I ask none of these questions because sixty seconds after he pulled the crystal out of his pocket I was gone.
It felt quite good actually, deciding to pull the chute, knowing I wanted out of a scenario and acting on it immediately. This was far different than my normal practice of just staying with something I am uncomfortable with far longer than I should merely because I don’t want to offend anybody. I will subject myself to hours of discomfort, unable to decide if and when I should go.
But also as I get older there are fewer of those experiences that I encounter. Between food delivery, Netflix and Amazon I could survive without leaving the house for months. So why would anybody, when they finally do leave, put themselves in any kind of experience that wasn’t reviewed, approved, and guaranteed to be exactly what they want?
We don’t put ourselves in situations we are uncomfortable or unsure about as we get older. We seek clarity, confirmation, and above all comfort.
This is what I like, I am used to, and will embrace.

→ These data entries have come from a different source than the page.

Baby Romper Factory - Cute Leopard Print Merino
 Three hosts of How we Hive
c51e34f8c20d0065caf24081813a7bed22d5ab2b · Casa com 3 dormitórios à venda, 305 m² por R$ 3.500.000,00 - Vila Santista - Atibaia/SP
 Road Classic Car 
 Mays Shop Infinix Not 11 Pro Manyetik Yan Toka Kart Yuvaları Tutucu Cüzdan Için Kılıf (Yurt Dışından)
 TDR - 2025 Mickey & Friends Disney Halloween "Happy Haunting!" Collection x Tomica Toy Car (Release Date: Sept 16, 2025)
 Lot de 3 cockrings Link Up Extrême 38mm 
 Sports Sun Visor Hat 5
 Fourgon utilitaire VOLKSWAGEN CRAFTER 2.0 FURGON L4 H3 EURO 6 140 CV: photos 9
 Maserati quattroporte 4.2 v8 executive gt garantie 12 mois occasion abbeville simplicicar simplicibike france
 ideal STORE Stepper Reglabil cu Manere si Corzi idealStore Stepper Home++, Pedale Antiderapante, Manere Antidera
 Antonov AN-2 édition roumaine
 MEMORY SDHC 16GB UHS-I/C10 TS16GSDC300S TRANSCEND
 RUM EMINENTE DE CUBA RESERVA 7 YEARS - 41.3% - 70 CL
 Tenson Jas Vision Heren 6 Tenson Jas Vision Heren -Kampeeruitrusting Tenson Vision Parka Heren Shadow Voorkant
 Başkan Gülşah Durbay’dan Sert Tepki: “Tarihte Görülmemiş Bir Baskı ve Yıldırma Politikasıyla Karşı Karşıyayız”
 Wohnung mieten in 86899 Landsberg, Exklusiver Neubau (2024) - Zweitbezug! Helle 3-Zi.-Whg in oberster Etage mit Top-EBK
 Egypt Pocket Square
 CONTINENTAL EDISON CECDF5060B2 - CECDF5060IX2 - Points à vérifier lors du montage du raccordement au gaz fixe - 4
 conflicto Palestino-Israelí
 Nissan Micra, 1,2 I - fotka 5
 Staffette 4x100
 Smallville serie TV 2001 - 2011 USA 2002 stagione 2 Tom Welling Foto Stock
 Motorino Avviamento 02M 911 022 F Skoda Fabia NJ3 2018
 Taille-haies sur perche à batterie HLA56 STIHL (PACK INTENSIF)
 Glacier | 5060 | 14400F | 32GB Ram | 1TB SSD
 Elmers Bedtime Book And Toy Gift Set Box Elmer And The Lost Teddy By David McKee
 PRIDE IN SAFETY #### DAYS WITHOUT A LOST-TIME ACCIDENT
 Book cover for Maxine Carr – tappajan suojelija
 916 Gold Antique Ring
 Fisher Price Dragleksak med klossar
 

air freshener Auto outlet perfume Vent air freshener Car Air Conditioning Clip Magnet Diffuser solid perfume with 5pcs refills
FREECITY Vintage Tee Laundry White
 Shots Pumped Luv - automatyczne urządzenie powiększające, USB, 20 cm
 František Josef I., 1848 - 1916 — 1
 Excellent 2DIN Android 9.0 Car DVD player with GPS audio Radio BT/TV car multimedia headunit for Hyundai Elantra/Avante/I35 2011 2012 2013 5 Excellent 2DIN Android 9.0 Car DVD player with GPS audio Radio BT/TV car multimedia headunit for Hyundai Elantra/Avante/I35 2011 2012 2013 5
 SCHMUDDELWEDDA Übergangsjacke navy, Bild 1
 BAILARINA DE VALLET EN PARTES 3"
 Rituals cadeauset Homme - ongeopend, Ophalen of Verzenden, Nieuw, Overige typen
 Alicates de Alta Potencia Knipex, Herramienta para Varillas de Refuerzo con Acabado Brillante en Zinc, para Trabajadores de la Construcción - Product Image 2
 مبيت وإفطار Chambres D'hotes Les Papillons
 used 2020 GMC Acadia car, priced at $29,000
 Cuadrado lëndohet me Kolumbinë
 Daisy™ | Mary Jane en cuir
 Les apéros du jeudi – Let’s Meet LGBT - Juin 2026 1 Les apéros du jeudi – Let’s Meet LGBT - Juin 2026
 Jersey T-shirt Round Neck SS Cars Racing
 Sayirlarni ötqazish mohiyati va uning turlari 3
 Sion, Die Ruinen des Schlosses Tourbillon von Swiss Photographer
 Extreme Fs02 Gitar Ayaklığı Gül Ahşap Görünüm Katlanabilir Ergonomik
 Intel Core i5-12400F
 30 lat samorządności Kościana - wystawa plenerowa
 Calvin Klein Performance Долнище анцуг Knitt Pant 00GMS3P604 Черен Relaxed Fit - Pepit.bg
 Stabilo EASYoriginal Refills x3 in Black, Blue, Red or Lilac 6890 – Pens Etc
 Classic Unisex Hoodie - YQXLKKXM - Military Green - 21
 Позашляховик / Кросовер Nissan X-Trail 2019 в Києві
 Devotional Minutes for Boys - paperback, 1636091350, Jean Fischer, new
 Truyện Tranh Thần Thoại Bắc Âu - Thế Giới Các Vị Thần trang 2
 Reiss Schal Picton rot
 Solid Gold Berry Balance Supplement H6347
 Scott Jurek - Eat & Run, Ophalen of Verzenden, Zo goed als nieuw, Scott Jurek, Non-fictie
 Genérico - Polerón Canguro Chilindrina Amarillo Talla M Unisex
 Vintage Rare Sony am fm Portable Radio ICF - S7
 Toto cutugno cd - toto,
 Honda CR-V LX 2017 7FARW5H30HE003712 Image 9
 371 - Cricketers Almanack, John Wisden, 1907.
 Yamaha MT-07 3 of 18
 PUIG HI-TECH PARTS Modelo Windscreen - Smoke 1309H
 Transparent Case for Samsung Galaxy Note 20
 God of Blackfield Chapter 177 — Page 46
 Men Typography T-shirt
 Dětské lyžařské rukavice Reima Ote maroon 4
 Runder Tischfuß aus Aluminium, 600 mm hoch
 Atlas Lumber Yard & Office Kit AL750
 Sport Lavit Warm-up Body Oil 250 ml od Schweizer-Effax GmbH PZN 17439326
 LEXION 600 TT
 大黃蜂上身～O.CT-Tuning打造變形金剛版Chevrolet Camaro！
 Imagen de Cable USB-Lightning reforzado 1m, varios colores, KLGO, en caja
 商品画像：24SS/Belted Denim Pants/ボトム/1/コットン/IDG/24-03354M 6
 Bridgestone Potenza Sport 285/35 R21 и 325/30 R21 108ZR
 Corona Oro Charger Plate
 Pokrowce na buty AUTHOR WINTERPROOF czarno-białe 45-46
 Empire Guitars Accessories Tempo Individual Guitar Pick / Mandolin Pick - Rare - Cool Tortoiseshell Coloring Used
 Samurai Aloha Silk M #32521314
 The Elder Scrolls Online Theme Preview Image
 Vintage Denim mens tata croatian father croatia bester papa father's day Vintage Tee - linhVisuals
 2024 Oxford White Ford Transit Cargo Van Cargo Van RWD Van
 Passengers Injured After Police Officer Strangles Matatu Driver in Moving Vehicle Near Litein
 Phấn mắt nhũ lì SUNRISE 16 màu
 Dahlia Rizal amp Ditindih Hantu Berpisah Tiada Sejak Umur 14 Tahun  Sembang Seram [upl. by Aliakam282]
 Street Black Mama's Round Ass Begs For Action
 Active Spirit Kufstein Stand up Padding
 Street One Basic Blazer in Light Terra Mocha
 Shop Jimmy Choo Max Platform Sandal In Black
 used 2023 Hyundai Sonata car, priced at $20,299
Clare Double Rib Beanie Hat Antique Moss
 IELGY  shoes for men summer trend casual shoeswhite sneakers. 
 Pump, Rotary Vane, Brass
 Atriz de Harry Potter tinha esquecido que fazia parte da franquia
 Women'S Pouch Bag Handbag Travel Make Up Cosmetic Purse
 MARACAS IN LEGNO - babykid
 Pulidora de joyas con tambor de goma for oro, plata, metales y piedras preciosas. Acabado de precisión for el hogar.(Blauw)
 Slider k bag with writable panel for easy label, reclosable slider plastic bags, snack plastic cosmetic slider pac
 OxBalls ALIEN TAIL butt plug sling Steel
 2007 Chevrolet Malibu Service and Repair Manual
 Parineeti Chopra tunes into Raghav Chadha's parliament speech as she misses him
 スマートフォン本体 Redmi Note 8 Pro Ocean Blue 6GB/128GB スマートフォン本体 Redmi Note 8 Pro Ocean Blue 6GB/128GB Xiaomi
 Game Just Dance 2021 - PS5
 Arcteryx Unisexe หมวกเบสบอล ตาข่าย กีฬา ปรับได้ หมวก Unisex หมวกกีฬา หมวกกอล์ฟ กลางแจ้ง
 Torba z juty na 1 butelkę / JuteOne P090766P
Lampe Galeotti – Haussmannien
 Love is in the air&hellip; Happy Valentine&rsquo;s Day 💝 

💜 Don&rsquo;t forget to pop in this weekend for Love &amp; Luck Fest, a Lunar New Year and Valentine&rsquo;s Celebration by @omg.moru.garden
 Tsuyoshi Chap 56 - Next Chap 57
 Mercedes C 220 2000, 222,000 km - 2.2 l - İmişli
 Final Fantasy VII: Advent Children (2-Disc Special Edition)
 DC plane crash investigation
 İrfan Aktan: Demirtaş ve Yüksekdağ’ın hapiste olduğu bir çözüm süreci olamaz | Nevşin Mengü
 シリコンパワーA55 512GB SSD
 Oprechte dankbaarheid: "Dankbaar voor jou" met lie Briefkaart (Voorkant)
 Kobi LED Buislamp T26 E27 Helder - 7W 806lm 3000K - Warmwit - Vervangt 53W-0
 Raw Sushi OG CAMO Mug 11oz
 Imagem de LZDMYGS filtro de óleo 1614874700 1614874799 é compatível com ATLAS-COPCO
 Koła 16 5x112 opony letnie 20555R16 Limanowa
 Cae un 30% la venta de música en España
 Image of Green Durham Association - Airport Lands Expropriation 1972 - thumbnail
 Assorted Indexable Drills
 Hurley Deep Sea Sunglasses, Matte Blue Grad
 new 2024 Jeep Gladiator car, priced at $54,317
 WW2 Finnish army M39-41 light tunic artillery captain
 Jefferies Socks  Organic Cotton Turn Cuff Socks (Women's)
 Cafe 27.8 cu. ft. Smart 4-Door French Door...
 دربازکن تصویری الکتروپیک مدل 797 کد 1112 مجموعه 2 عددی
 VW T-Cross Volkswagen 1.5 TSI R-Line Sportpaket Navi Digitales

I have friends who talk about places being outside of their geographical bubble. Sometimes things are just too far away. I get it. It’s easy to be that way living in New York City. Because Manhattan is the hub of where people work, you could meet people who live hours away from you. I’ve been to events that I had to take a bus, a train, and a boat just to get to. You only do so many of those before you stop putting in the effort.
And that’s what it is right? Effort. The effort required to get somewhere has decreased significantly. We don’t even have to know how to get anywhere. We can put the address in our phones and somebody else will come and get us and figure out the route.
When things become that easy, anything that seems even remotely more challenging becomes less interesting. Which also means there is less predictability, less nuance, and I think less surprise. I find that depressing.
I get that not everybody likes surprises. That in a world filled with time-saving apps, hacks, and technologies, we are somehow busier than we’ve ever been and less likely to try something sight unseen. But I think that is a wasted opportunity.
My fiancee and I recently realized that we are slowly becoming the older end of the crowd in some of the things we enjoy doing. We went to two concerts recently where we looked around the room and wondered if people thought we looked as old as they looked young. In both cases, we stayed and had great times. But I know it’s going to happen more and more.
We are going to get invited to something, or buy tickets for an event, get there and realize we are not the target demographic. And as long as we can enjoy ourselves, that is fine. I don’t care as much about fitting in as long as I am having a good time.
But here is the great thing about the context of getting older. We will never be able to fully predict the kind of experience we will have, nor do I think we should try. While our tastes may narrow, and our experiences become similar, I still hope we end up at some strange or uncomfortable events. Because I’d rather have an unpredictable weird experience than a predictably OK one.
We will always have the capacity to know when it’s time to leave. To take a look at the crystal that harnesses no negative energy and realize yea… it’s time to go.